Kerja sama antara masyarakat dan instansi terkait, seperti PLN dan pemerintah daerah, dinilai sangat penting dalam menjaga keselamatan dan kenyamanan bersama.
Dampak Psikologis dan Rasa Aman Warga
Selain dampak fisik, kondisi tiang listrik yang miring juga memengaruhi rasa aman warga. Kekhawatiran akan potensi robohnya tiang membuat sebagian warga merasa tidak tenang, terutama saat cuaca kembali memburuk.
Rasa was-was tersebut dapat memengaruhi aktivitas sehari-hari, karena warga harus lebih berhati-hati saat melintas di sekitar lokasi dan membatasi aktivitas anak-anak di luar rumah.
Oleh karena itu, penanganan yang cepat dan tepat diharapkan dapat mengembalikan rasa aman dan kenyamanan warga Bernah Luar.

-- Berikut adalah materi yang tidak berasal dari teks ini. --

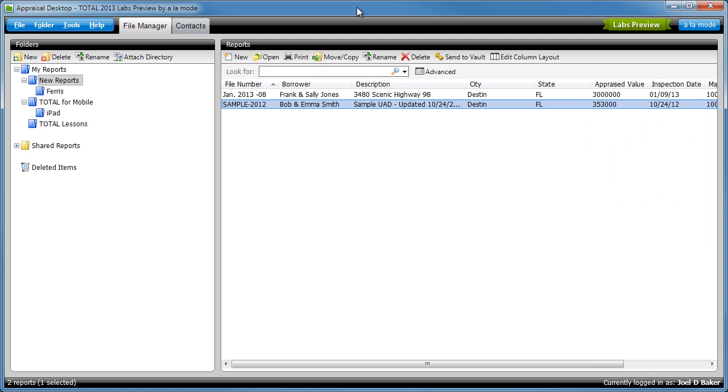When you start a report in your form filler, do you want to use a template, fill out just some order information, or jump straight into your major form? With SmartStart and Total 2013, you get to choose.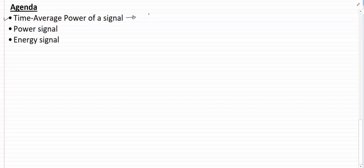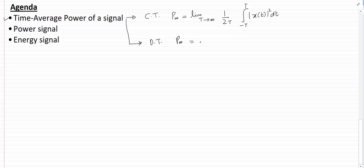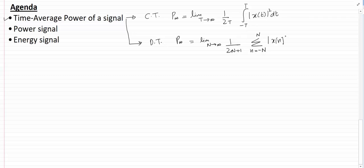Let me write the formula first and then I'll explain it. For the continuous time case, the time average power is given by: limit as capital T goes to infinity of 1 over 2T, integral from minus T to T of |x(t)|² dt. For the discrete time case, the time average power is given by: limit as N goes to infinity of 1 over (2N+1), summation from n = -N to +N of |x[n]|².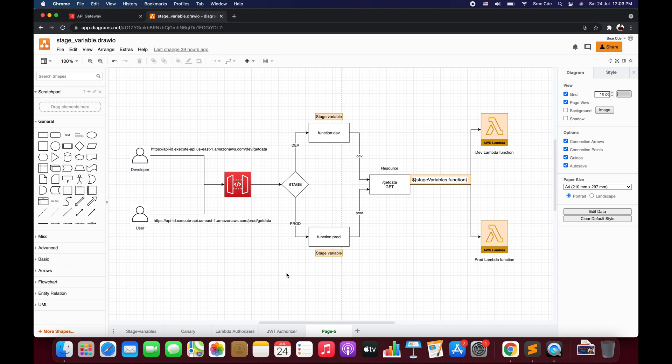Hello everyone, I'm Chirag and welcome to part 16 of the tutorial series on AWS HTTP API. In this video, we are going to learn about stage variables and how we can use them. Stage variables are name-value pairs that you can define as configuration attributes associated with a deployment stage of the HTTP API. Basically, stage variables act as environment variables and we can use them with API Gateway for configuration.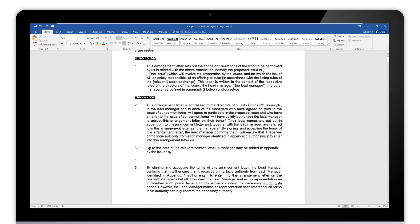We will also recognize things like the numbering so that if we add and remove clauses, the numbering automatically updates. You won't have to manually go through and change all of those.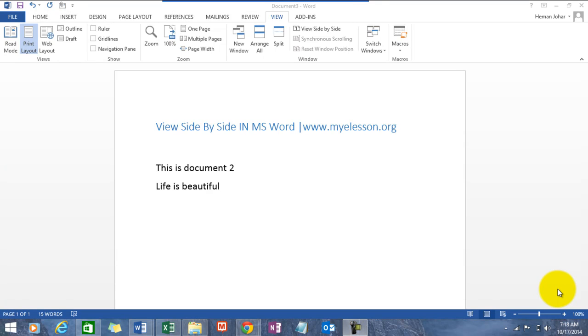Hello everybody and welcome to my e-lesson. I am your guru and in this video I will tell you an awesome way to look at documents in MS Word, and that would be looking at two documents side by side. Isn't that wonderful?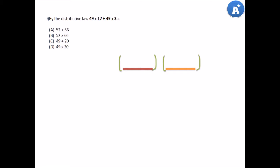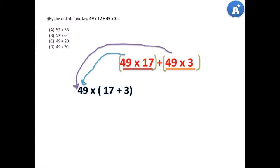Let's look at our third question. Our third question reads: by the distributive law, 49 times 17 plus 49 times 3. Please pause this video and attempt the question on your own. When you have completed the question, you can press play to see the solution. Let's put some brackets around that question. So we now have (49 times 17) plus (49 times 3). Do you see that we have the 49 in common? We can take it out, and we're left with 49 times (17 plus 3). If we just add what's in the bracket, we get 20. So therefore, it's 49 times 20. Our answer is B.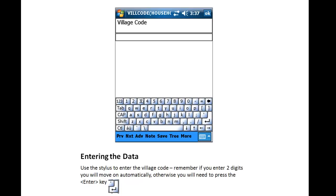Remember, if you enter two digits, you will move on automatically. Otherwise, you will need to press the Enter key.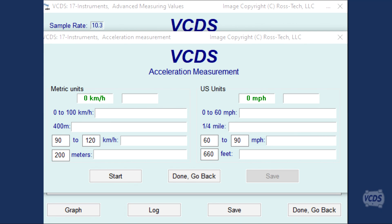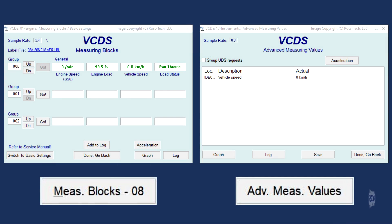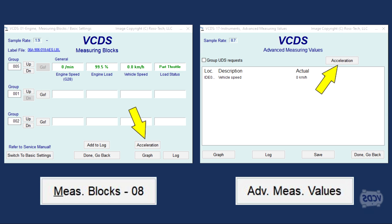A somewhat hidden feature of VCDS is the acceleration measurement function that was introduced back in July of 2006. This function will calculate acceleration and distance values based on data from the vehicle. When VCDS is in measuring blocks or advanced measuring values and the vehicle speed is shown, there will be an acceleration button to click on to open the acceleration measurements function. Please see the link in the description below for our forum post on where you might find vehicle speed data in various control modules.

Imbauan untuk Tetap Waspada
Menyikapi kondisi cuaca yang tidak menentu, masyarakat diimbau untuk tetap waspada terhadap potensi bencana dan gangguan infrastruktur, termasuk pohon tumbang, banjir, serta kerusakan fasilitas umum.

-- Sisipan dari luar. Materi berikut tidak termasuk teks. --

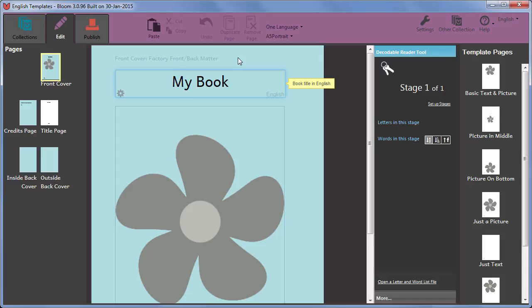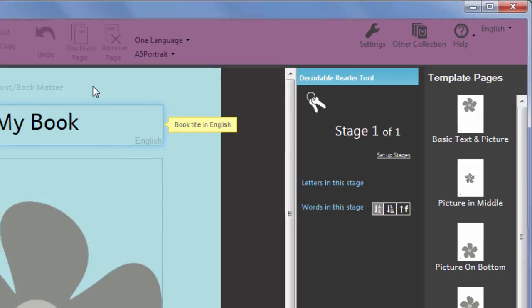The stages are then used in all the Decodable Reader books added to this collection. In the Decodable Reader tool, click on Setup Stages.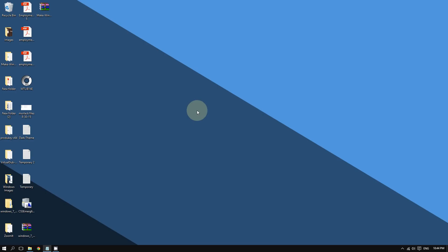Hey, how's it going everyone. In this video you are going to learn how to fix this annoying issue in Windows 10 where it says 'Critical Error: Start Menu and Cortana not working.' This is a really annoying issue because it prevents you from getting your things done on your Windows 10 PC, but the good news is there are many ways that you can fix this issue.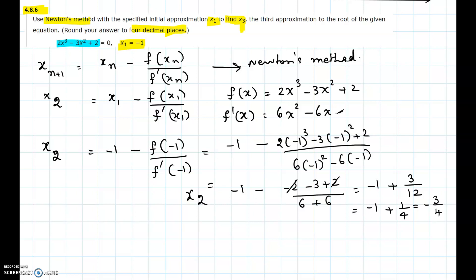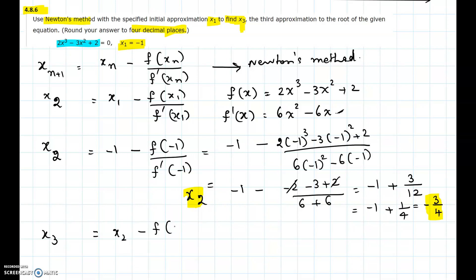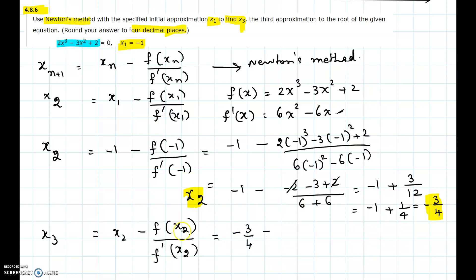The first approximation is -1 and the second approximation turns out to be -3/4. The problem is asking us to find the third approximation. For x3, we apply the formula: x3 = x2 - f(x2)/f'(x2), where x2 = -3/4.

Warga juga diminta untuk menghindari area yang berpotensi berbahaya, seperti di sekitar tiang listrik yang miring atau kabel yang terlihat tidak normal, demi keselamatan bersama.
Penutup
Kejadian tiang listrik miring akibat hujan dan angin kencang di Bernah Luar, Kotabumi, menjadi perhatian serius bagi warga setempat. Meski belum menimbulkan kerusakan besar, kondisi tersebut dinilai berpotensi membahayakan keselamatan masyarakat.
Warga berharap pihak PLN dapat segera melakukan perbaikan dan penanganan secara cepat dan profesional, guna mencegah terjadinya insiden yang lebih serius serta memastikan keamanan jaringan listrik di wilayah tersebut.
Dengan adanya respons cepat dari pihak terkait, diharapkan kondisi dapat segera normal kembali, sehingga aktivitas masyarakat dapat berjalan dengan aman, nyaman, dan tanpa rasa khawatir.